═════ Dataset

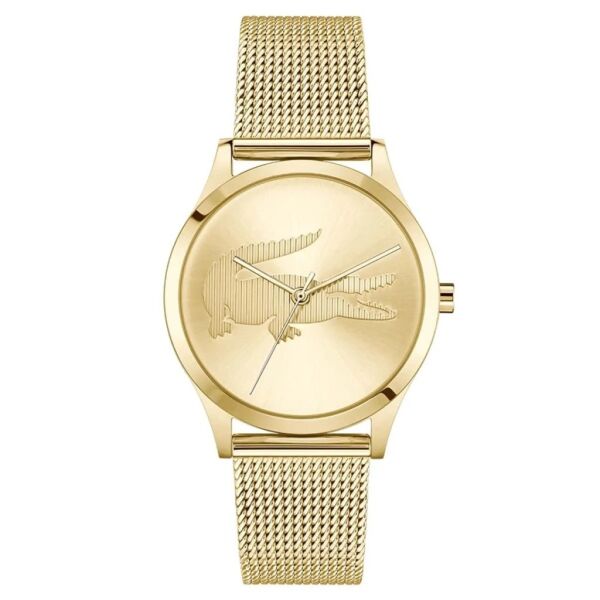 Lacoste LAC2001416 Kol Saati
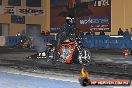 Sydney Legal Drag Racing 03 08 2011 - 20110803-JC-SD_413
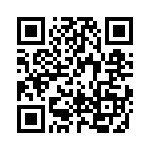 ZL40214LDF1 QRCode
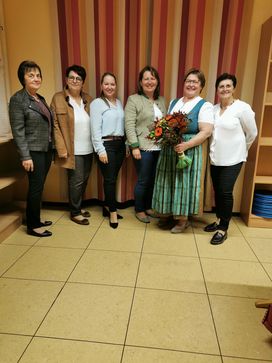 [1666814532829493.jpg]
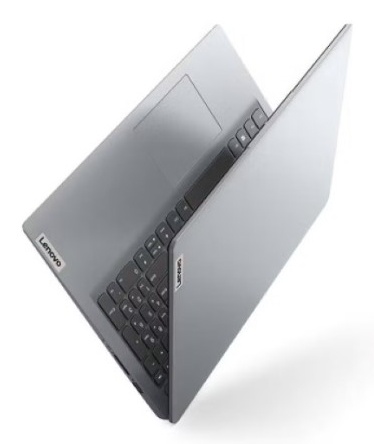 Ноутбук Lenovo IdeaPad 15ALC7 (82R400W5RK)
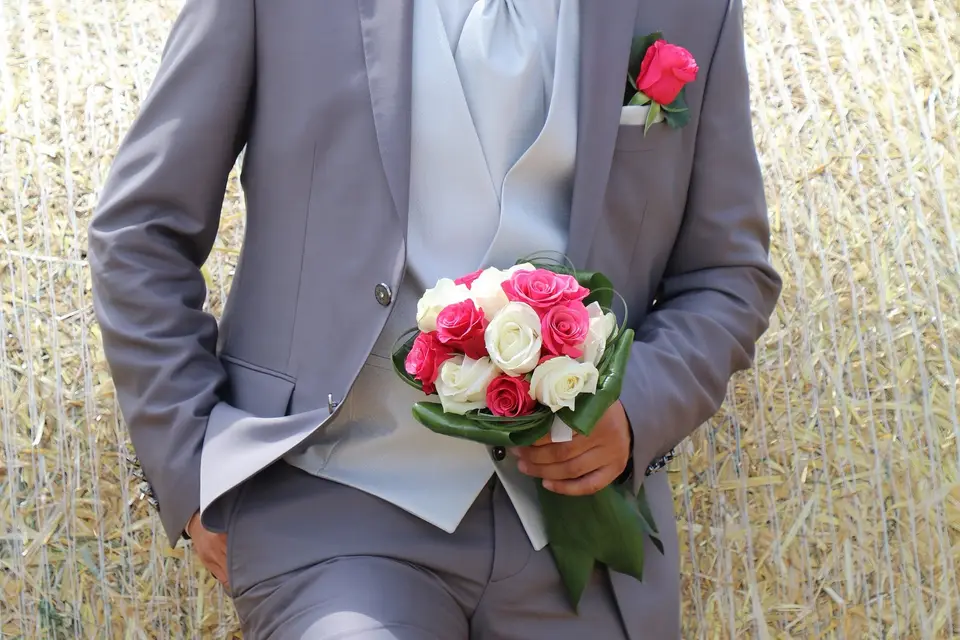 Qr Drone Studio — photo 3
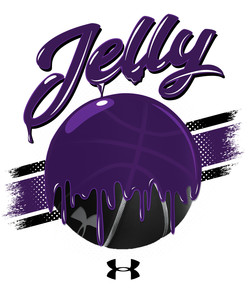 Jellyfam
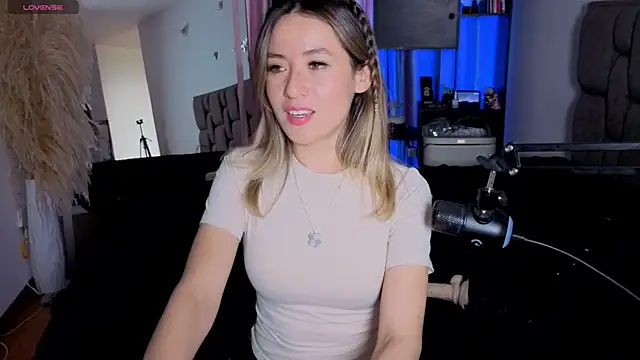 Snapshot of sexfire_lalita chatting on February 2026 04:47:02 PM sexfire lalita online show from February 2026 04:47:02 PM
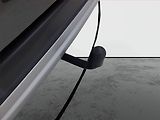 Ford Kuga (2017) 1.5 TDCi, Tempomat - náhled 21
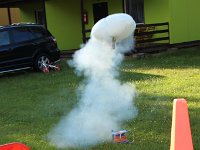 IMG 0899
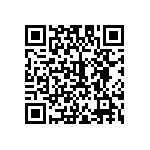 7X-22-1184MBD-T QRCode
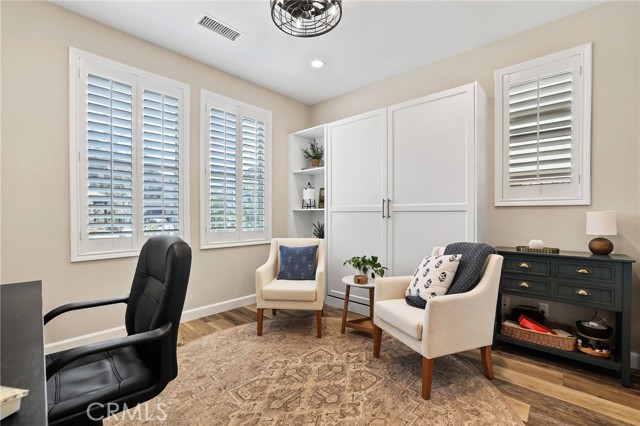 24 Granja Court, Rancho Mission Viejo CA: https://media.crmls.org/medias/cf254153-eb76-4fa1-a73d-beca2dd1568b.jpg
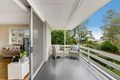 Property photo of 4 Macqueen Street Mount Lofty QLD 4350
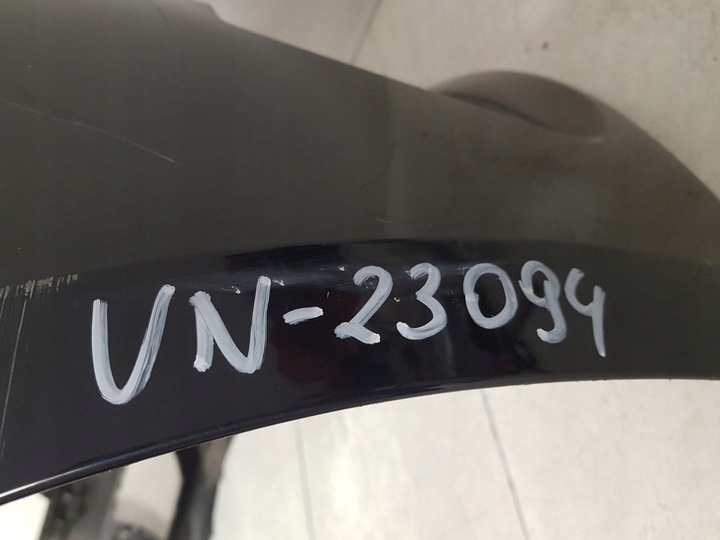 фото №15, Бампер решітка радіатора решітка audi a6 c8 4k0 переднє перед 18-24 4k0807437a гарний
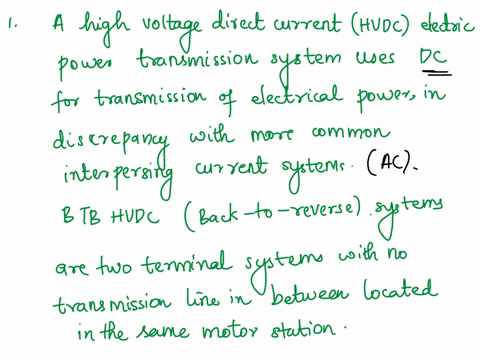 1identify-the-possible-differences-of-the-voltage-and-configuration-selection-between-the-long-distance-hvdc-and-btb-hvdc2power-electronic-device-also-follow-the-moore-law-how-will-the-equiv-52355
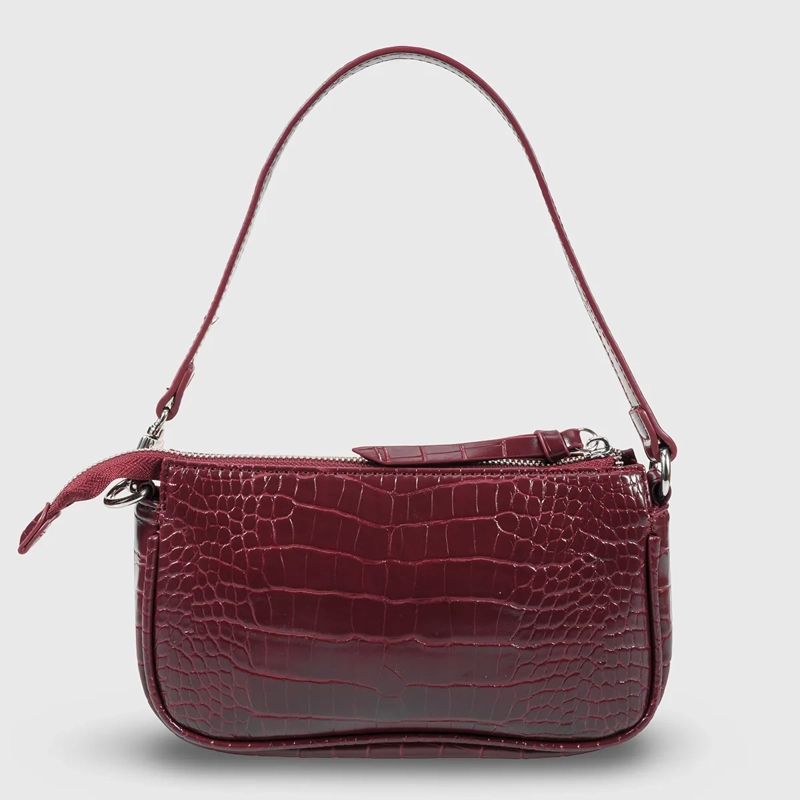 MINI CARTERA INDEX ICROQUI - 4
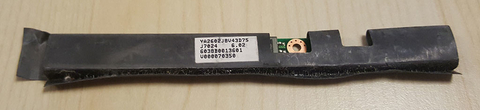 Mac, Sony, Samsung, Acer, HP, Toshiba, Asus, LG, MSI, Dizüstü Bilgisayar ve Yedek Parça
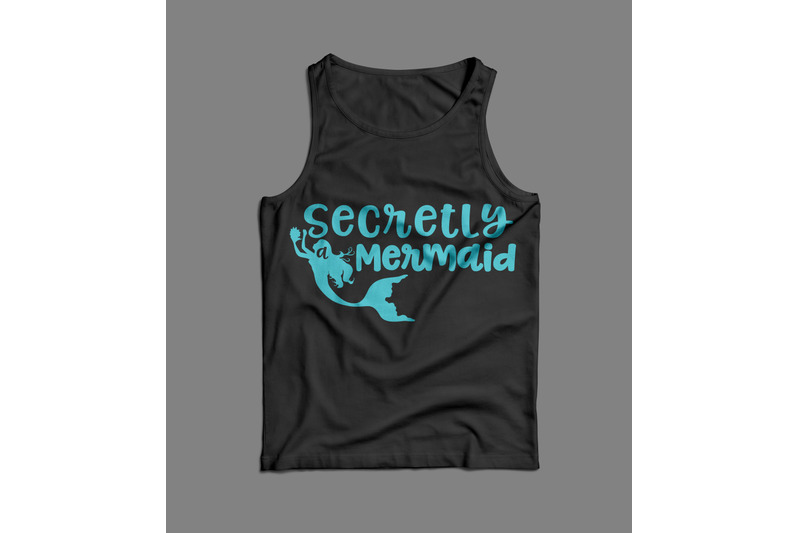 secretly-a-mermaid-svg-png-jpeg-dxf-digital-cut-file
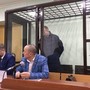 Суд отправил главного юриста Татсоцбанка в СИЗО до 19 апреля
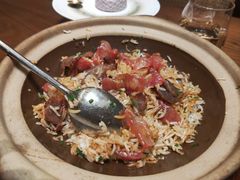 -觅唐MITONG(鸟巢店)
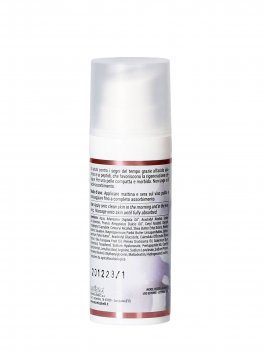 Crema Viso Pelle Matura - Bloom - 2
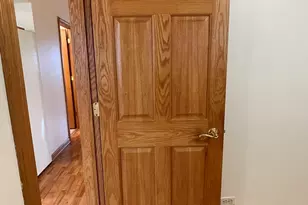 8233 S 76th Ave, Bridgeview, IL 60455 - Photo 28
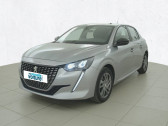 Annonce Peugeot 208 occasion Essence 208 PureTech 75 S&S BVM5  LE MANS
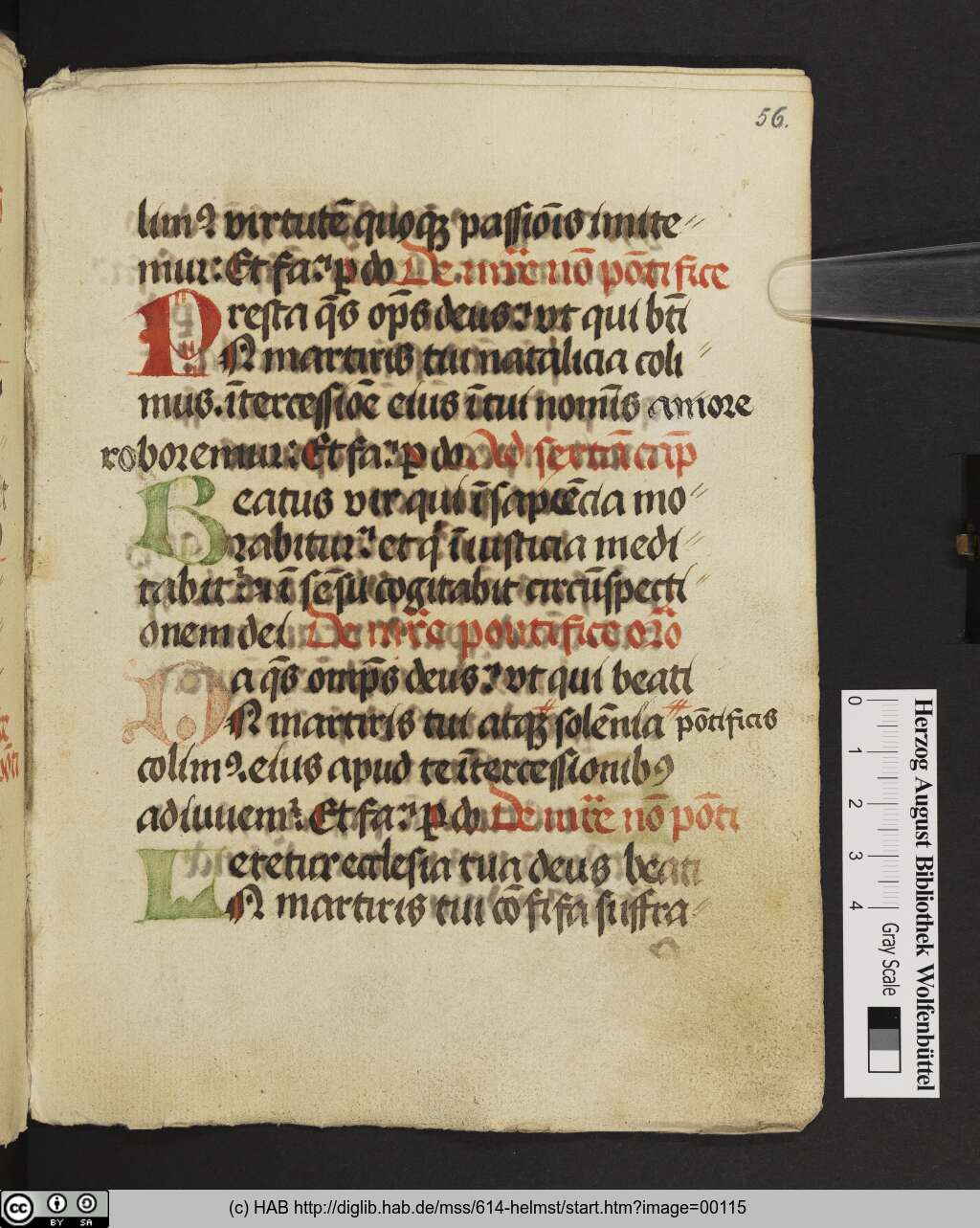 http://diglib.hab.de/mss/614-helmst/00115.jpg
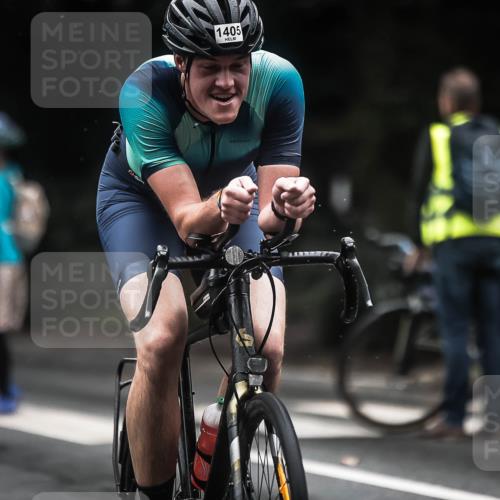 13.09.2026 - Stadtparktriathlon H.Heesch http://msf.ph/oto/10318844 13.09.2026 13:02:52 Radfahren 1375, 1405, 1417 meine-sportfotos.de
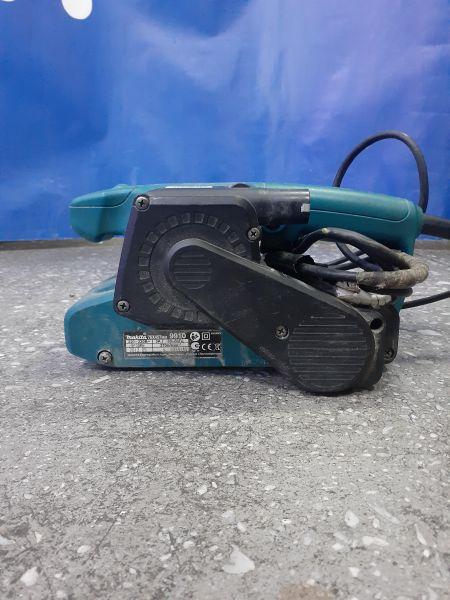 Купить Makita 9910 в Зима за 3400 руб.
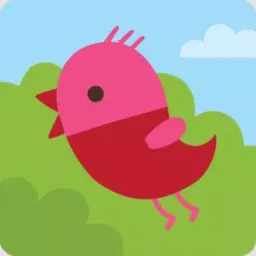 ��������ɭ��̽��(��ͯ��ϷӦ��)v1.0 ��׿��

══════════

■ Work required
Give back, exactly and without pictures, the stretch of the records above from the line containing "Crema Viso Pelle Matura - Bloom - 2" through the line containing "Купить Makita 9910 в Зима за 3400 руб.", with both end lines included.

■ Response
 Crema Viso Pelle Matura - Bloom - 2
 8233 S 76th Ave, Bridgeview, IL 60455 - Photo 28
 Annonce Peugeot 208 occasion Essence 208 PureTech 75 S&S BVM5  LE MANS
 http://diglib.hab.de/mss/614-helmst/00115.jpg
 13.09.2026 - Stadtparktriathlon H.Heesch http://msf.ph/oto/10318844 13.09.2026 13:02:52 Radfahren 1375, 1405, 1417 meine-sportfotos.de
 Купить Makita 9910 в Зима за 3400 руб.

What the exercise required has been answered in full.